◆ Goal of the exercise
What you should give back is a precise copy of the lines below from the one containing "If the window" through the one containing "Hello guys, welcome", with no pictures.

------ Entries shown

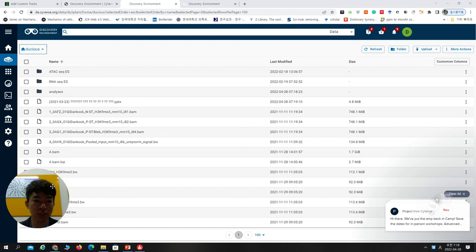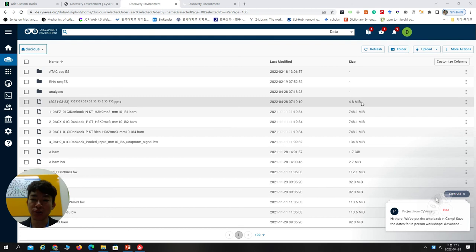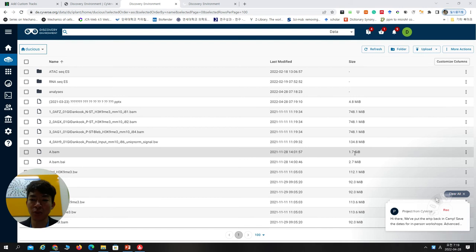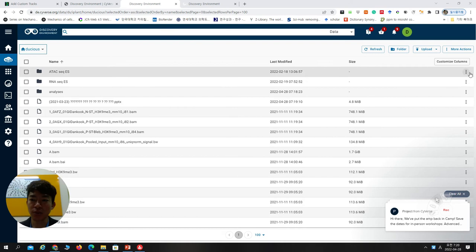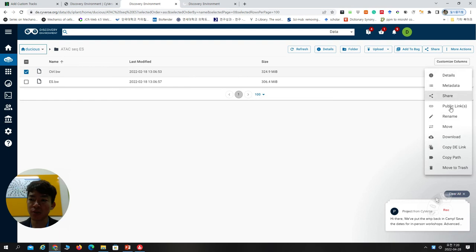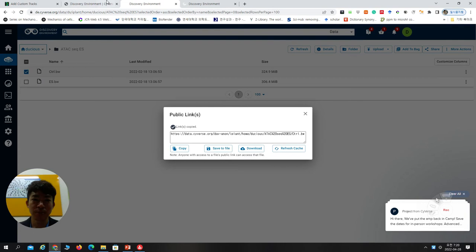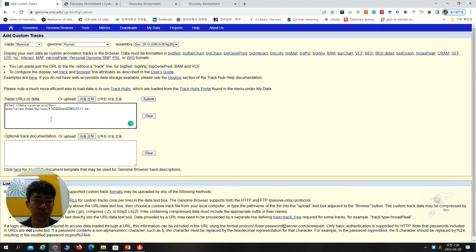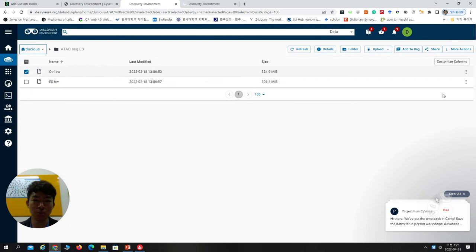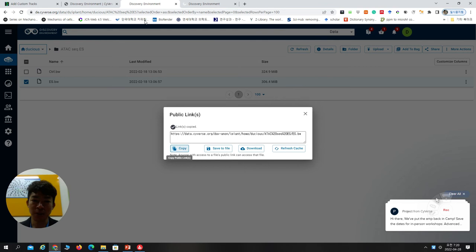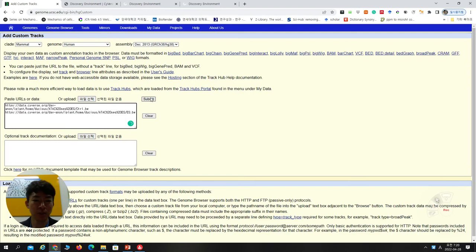When you successfully upload, you can see the file listed. Small files are quite fast, but for 700 MB or 1 gigabyte, it can take one or two hours — in that case, keep your computer on. When you visit the uploaded file, you can find the public link. Copy that public link, go back to your Custom Track page, paste it with Ctrl+V. This is the first control group, but I also need another experiment group — the ES group. Copy its public link too, then submit.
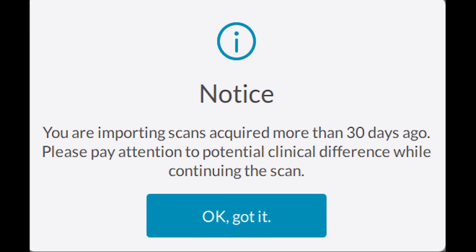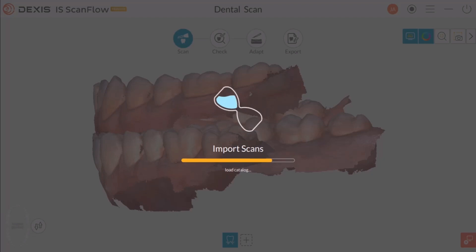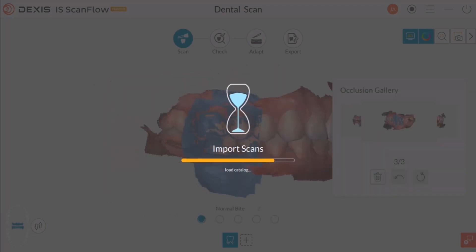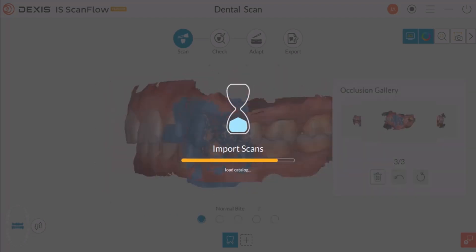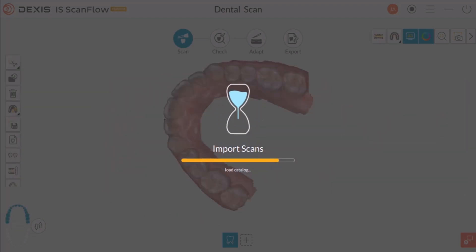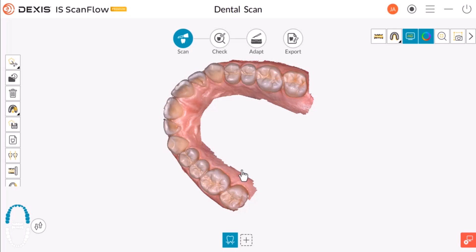If the window Notice — scans acquired more than 30 days — pops up, select OK, got it. The imported scan is then displayed in the software.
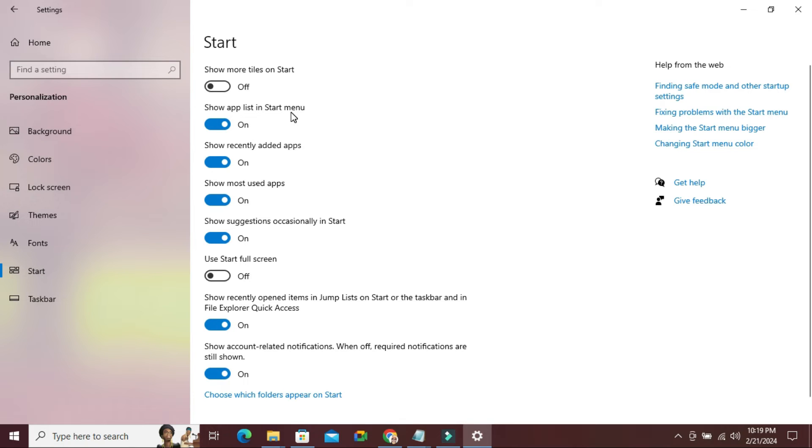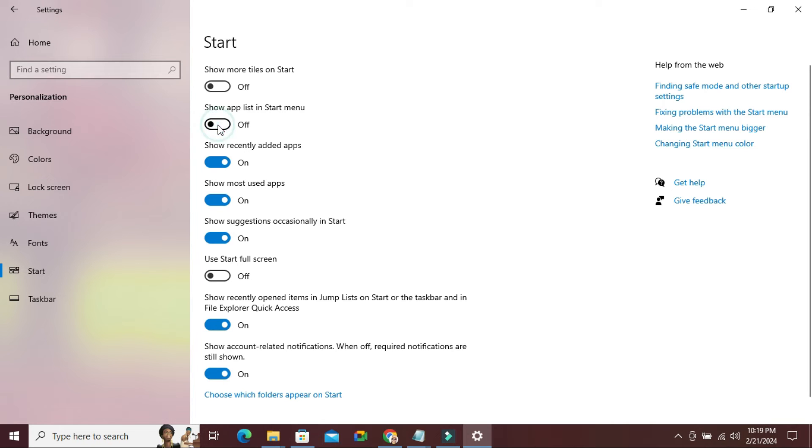Here, the second option is 'show app list in start menu' and by default it's turned on. Just click here to turn it off. Show app list in start menu is now turned off.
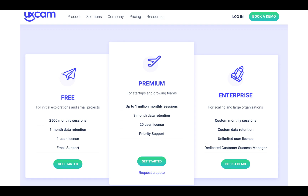Then going on to the Premium, you need to request the price in a quote, and same with Enterprise. The Premium gives you a million monthly sessions, three months of data retention, 20 user licences and priority support.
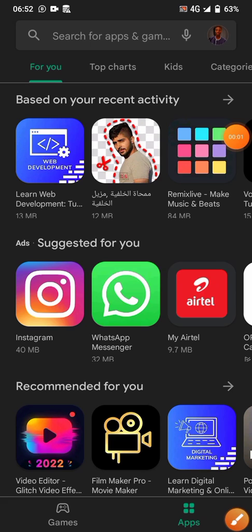Hello guys, welcome back to Summit X graphic design and digital marketing courses. In this tutorial, I'm going to show you guys the five best apps in terms of designing as a graphic designer, so let's just head to the point.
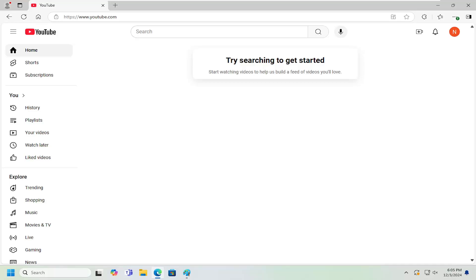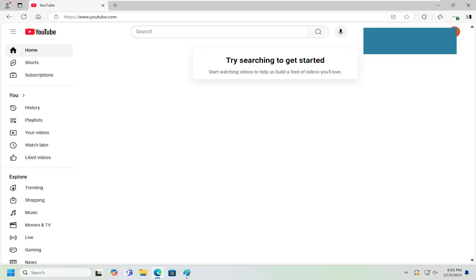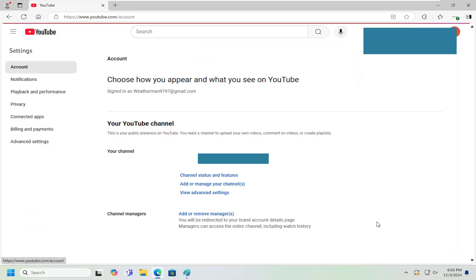So this should hopefully be a pretty straightforward process. And without further ado, let's go ahead and jump right into it. So all you have to do is select your profile icon on the top right, go ahead and left click on that, and then go down and select the setting gear button right here.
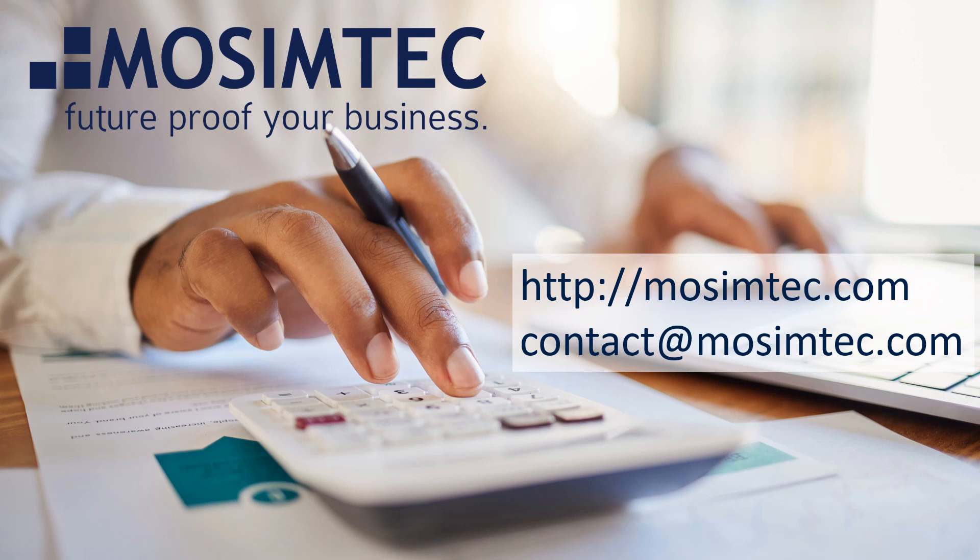MOSIMTEC expertly guides clients from pharma to farming, from climate change to change management through simulation modeling, so they get the most knowledge, the most insight, and the most intelligent answers to future proof their business.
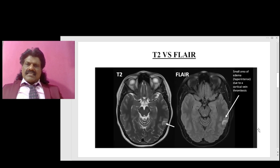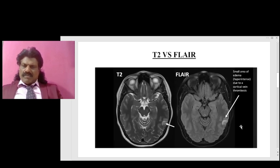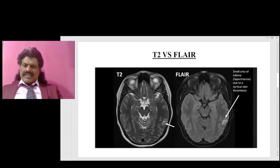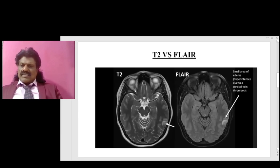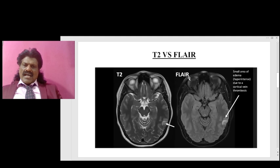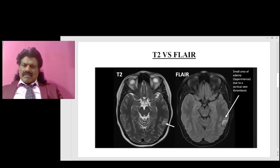Looking at this image, on normal T2 the CSF is bright, the gray matter is hyperintense, and the white matter is dark or hypointense. FLAIR is similar to T2, but the CSF which appears bright on T2 has been suppressed and becomes black on FLAIR.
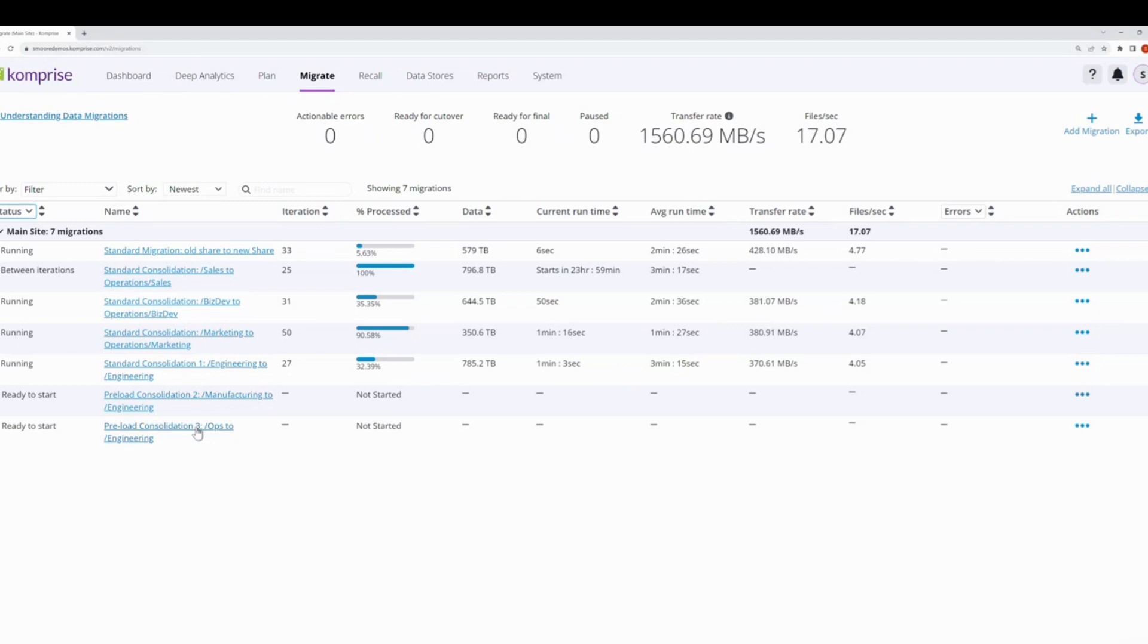So throughout all these different types of migrations, you always have the audit logs and the error logs and everything else to record and have that information for compliance and regulatory and things too. And you have our iterative mode to be able to move stuff very quickly and very fast from one system to another.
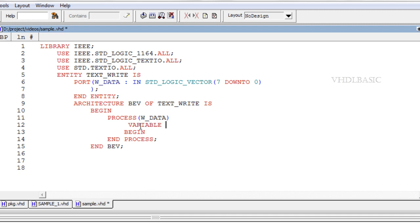Variable L colon line is used for line declaration. Line is the address for writing data in a file program.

------------

◆ Final answer
If the window Notice — scans acquired more than 30 days — pops up, select OK, got it. The imported scan is then displayed in the software.
Here, the second option is 'show app list in start menu' and by default it's turned on. Just click here to turn it off. Show app list in start menu is now turned off.
Then going on to the Premium, you need to request the price in a quote, and same with Enterprise. The Premium gives you a million monthly sessions, three months of data retention, 20 user licences and priority support.
Hello guys, welcome back to Summit X graphic design and digital marketing courses. In this tutorial, I'm going to show you guys the five best apps in terms of designing as a graphic designer, so let's just head to the point.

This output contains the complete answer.